__Available data__:
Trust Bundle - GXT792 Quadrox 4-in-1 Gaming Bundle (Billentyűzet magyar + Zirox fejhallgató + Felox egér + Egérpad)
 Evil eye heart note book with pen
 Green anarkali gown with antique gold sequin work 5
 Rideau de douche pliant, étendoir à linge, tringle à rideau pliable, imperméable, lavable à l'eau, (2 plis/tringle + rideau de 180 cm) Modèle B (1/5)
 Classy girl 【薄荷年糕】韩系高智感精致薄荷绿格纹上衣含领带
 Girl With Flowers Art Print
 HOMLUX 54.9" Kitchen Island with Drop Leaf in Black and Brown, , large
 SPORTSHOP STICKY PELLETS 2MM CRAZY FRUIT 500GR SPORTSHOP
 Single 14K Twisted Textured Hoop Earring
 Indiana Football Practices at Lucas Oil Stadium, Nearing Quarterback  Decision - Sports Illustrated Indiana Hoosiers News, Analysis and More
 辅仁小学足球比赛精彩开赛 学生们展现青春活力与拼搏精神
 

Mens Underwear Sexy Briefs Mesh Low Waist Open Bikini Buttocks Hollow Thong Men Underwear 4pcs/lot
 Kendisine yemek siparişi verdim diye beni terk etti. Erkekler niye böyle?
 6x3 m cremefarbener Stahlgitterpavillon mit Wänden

__Exercise directions__: Produce a faithful copy of all the material above.

__Solution to the exercise__:
Trust Bundle - GXT792 Quadrox 4-in-1 Gaming Bundle (Billentyűzet magyar + Zirox fejhallgató + Felox egér + Egérpad)
 Evil eye heart note book with pen
 Green anarkali gown with antique gold sequin work 5
 Rideau de douche pliant, étendoir à linge, tringle à rideau pliable, imperméable, lavable à l'eau, (2 plis/tringle + rideau de 180 cm) Modèle B (1/5)
 Classy girl 【薄荷年糕】韩系高智感精致薄荷绿格纹上衣含领带
 Girl With Flowers Art Print
 HOMLUX 54.9" Kitchen Island with Drop Leaf in Black and Brown, , large
 SPORTSHOP STICKY PELLETS 2MM CRAZY FRUIT 500GR SPORTSHOP
 Single 14K Twisted Textured Hoop Earring
 Indiana Football Practices at Lucas Oil Stadium, Nearing Quarterback  Decision - Sports Illustrated Indiana Hoosiers News, Analysis and More
 辅仁小学足球比赛精彩开赛 学生们展现青春活力与拼搏精神
 

Mens Underwear Sexy Briefs Mesh Low Waist Open Bikini Buttocks Hollow Thong Men Underwear 4pcs/lot
 Kendisine yemek siparişi verdim diye beni terk etti. Erkekler niye böyle?
 6x3 m cremefarbener Stahlgitterpavillon mit Wänden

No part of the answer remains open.